Маша пристально смотрела на меня, ожидая реакции, но я не знала, что следует говорить.

— Ты еще кому–то рассказывала об этом? — спросила, наконец.

— Нет, честное слово, — ответила она. — Я всегда знала, что мне нужно поделиться с близким человеком, но мой муж был полным ничтожеством и синяком. Даже Волк был больше личностью, чем он, хотя и был порочный до костей. Как такое возможно: ведь нас всегда учили, что добрый человек — это уже много. А муж был добрый, но личностью не был, а Волк был. Почему так?

— Ну, видишь ли, — улыбнулась я. — Вот, к примеру, ты, и добрая, и красивая, и личность, — столько сразу хороших качеств дано человеку. А другие оказались чем–то обделены: твой муж не был личностью, Волк оказался недобрым, а во мне красоты на самом донышке…

Машка рассмеялась, и я видела, как ее глаза блестят от слез.

— Иногда я хочу тебя нашлепать из–за твоего лукавого язычка, а иногда хочу тебя очень сильно обнять и расцеловать. Что мне делать, скажи?

— Только дай мне принять ванную, — попросила я, наконец–то, переставая раскачивать стул.


Тимур Ахарцахов прилетел из длительной командировки к концу зимы, и по телефону сказал, что меня ждут подарки из Америки. Я была рада видеть его и без всяких подарков, но, чтобы доставить ему удовольствие, визжала от восхищения, разворачивая свертки и флаконы. Я ничего не стала говорить ему об аресте в клубе, потому что хотела отмести даже гипотетическую возможность того, что я могу скомпрометировать такого человека. Хоть он и не был государственным чиновником, а его восточная жена сидела дома тише воды, ниже травы, но все–таки роль любовницы столь значительного человека налагала определенные обязательства.
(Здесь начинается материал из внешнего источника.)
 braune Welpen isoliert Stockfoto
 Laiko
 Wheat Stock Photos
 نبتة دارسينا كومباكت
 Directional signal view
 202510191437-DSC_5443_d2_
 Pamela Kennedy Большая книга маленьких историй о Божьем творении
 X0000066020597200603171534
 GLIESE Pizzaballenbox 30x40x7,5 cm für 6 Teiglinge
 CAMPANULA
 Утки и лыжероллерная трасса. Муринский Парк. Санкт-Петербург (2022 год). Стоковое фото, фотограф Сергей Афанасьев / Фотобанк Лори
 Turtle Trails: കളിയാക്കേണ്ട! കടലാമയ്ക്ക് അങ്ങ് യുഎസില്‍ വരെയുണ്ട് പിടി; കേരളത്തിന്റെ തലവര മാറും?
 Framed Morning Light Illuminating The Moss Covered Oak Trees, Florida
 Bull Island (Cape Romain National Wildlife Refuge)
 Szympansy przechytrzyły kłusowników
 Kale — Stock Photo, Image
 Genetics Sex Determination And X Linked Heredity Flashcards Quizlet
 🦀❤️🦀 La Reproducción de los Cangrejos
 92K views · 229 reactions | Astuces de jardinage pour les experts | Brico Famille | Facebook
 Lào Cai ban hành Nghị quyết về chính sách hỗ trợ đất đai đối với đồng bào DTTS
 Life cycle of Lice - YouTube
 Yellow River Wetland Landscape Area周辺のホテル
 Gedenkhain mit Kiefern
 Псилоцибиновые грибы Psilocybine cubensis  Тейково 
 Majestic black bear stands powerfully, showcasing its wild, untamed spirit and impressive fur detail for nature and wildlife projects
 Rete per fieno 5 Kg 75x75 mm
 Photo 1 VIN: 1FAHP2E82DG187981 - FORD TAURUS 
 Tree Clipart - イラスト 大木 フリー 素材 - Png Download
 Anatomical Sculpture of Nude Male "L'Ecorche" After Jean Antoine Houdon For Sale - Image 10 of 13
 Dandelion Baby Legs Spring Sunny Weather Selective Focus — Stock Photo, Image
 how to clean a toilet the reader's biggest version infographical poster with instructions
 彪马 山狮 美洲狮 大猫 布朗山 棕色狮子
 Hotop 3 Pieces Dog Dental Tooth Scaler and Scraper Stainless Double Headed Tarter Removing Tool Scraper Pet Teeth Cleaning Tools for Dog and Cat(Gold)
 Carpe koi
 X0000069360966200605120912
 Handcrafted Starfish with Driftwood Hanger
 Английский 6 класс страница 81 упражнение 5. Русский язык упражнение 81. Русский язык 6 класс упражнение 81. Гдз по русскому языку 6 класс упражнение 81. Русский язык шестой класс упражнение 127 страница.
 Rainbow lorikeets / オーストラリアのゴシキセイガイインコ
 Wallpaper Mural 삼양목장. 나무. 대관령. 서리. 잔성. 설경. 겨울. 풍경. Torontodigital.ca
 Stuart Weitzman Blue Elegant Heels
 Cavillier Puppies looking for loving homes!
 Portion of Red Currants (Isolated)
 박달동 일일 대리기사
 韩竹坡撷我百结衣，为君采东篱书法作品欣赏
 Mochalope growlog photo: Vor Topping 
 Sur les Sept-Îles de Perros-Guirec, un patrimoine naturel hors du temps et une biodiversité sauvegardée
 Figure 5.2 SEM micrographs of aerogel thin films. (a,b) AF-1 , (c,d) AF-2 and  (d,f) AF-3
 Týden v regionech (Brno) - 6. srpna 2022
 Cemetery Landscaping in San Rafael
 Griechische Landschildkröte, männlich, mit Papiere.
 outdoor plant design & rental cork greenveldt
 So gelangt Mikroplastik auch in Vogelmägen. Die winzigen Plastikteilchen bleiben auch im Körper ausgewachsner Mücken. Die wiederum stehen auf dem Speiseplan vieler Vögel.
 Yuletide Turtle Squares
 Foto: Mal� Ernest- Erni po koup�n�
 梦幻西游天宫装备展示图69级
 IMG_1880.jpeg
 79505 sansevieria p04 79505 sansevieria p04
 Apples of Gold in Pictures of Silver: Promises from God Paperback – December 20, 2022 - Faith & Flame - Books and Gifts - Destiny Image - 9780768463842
Скажем, в Москве было более-менее комильфо появиться в обществе с молоденькой танцовщицей, но если бы та же самая любовница оказалась вдобавок подозреваемой в торговле наркотиками, это был бы уже явный перебор. А мне очень хотелось проводить больше времени в кругу знакомых Тимура, и я обрадовалась, когда он заговорил о поголовном увлечении теннисом в чиновничьих кругах. В принципе, в Москве все знали, что нужную подпись легче получить на корте, чем в официальном кабинете, и чиновный люд выстраивался в очередях к тренерам по теннису.